東京大学大学院工学系研究科・大久保 達也教授の研究室と三菱化学などによる研究グループはこのほど、チューブ状リアクターを用いて高温で急速加熱を行うとともに、SSZ-13のシード(種結晶)を使用して結晶生成を促進する新しい合成法を開発し、それによってSSZ-13をわずか10分間で合成することに成功しました。さらに同グループは、この方法を用いて、従来のバッチ式よりも効率的に合成を行える連続フロー式のリアクターを開発しました。
この方法で合成されたSSZ-13でNOx除去を試みたところ、数日間を要する従来の合成法によるものに劣らない性能をもつことが確認されました。SSZ-13の普及拡大につながるとともに、ほかの有用なゼオライトの合成にも応用が期待できる成果として注目されます。
この成果を報告した論文は、Angewandte Chemie International Edition (ACIE)に掲載され、同誌の注目論文Hot Paperに選ばれるとともに、化学ニュースサイトChemistry Viewsで紹介されました。

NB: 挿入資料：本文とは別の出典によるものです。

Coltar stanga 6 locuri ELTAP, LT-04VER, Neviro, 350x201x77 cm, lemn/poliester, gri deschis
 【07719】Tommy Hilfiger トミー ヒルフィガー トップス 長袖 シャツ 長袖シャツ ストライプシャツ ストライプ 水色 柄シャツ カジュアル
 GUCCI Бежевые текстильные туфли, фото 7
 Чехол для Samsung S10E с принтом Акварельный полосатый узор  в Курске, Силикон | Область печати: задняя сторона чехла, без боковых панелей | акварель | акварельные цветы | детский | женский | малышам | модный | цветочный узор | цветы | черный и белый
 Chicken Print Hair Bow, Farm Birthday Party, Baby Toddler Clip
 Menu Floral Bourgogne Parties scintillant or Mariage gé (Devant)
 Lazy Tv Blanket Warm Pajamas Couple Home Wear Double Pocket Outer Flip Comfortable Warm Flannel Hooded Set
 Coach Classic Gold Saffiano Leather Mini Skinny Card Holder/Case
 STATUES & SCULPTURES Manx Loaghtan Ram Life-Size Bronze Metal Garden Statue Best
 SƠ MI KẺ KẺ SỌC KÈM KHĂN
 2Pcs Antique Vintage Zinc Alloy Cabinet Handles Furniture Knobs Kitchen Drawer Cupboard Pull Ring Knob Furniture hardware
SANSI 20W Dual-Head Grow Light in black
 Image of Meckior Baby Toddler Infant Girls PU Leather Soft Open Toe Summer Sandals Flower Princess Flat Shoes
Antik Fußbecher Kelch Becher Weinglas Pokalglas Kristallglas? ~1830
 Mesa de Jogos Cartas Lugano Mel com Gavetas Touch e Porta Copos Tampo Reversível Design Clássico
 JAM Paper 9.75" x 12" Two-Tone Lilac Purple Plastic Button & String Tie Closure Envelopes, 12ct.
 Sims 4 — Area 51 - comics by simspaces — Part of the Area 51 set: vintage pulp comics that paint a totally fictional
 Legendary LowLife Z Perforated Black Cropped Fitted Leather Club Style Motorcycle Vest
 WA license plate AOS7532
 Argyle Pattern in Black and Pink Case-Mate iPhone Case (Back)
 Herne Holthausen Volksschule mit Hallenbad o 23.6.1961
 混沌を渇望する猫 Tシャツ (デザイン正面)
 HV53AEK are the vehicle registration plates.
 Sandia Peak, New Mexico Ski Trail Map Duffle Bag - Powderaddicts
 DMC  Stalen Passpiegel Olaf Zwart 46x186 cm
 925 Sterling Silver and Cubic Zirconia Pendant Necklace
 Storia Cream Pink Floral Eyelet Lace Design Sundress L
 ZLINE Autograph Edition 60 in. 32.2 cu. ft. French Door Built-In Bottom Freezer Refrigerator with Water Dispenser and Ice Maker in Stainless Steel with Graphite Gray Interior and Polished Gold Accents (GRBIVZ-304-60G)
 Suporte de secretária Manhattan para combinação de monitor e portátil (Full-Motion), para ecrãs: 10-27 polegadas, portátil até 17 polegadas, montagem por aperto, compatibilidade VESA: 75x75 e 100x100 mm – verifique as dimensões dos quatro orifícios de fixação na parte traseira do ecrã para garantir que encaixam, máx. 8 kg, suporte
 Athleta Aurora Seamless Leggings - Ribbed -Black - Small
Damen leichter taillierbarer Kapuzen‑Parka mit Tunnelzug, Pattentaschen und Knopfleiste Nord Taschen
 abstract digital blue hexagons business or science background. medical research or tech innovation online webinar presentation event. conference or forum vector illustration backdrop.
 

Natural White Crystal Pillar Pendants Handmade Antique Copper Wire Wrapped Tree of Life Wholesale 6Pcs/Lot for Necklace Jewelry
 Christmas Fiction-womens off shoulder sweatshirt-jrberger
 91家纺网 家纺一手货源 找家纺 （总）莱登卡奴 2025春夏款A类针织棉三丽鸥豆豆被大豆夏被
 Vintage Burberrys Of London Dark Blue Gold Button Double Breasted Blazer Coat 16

- 論文 Liu, Z., Wakihara, T., Oshima, K., Nishioka, D., Hotta, Y., Elangovan, S. P., Yanaba, Y., Yoshikawa, T., Chaikittisilp, W., Matsuo, T., Takewaki, T. and Okubo, T. (2015), Widening Synthesis Bottlenecks: Realization of Ultrafast and Continuous-Flow Synthesis of High-Silica Zeolite SSZ-13 for NOx Removal. Angew. Chem. Int. Ed.. doi: 10.1002/anie.201501160 (本文を読むにはアクセス権が必要です)
- 紹介記事 Fastest Synthesis of a Zeolite (April 16, 2015, Chemistry Views)
■ ACIEでは、急速な展開によって注目を集めている分野における研究で、編集委員が特に重要性を認めた論文をHot Paperとしています。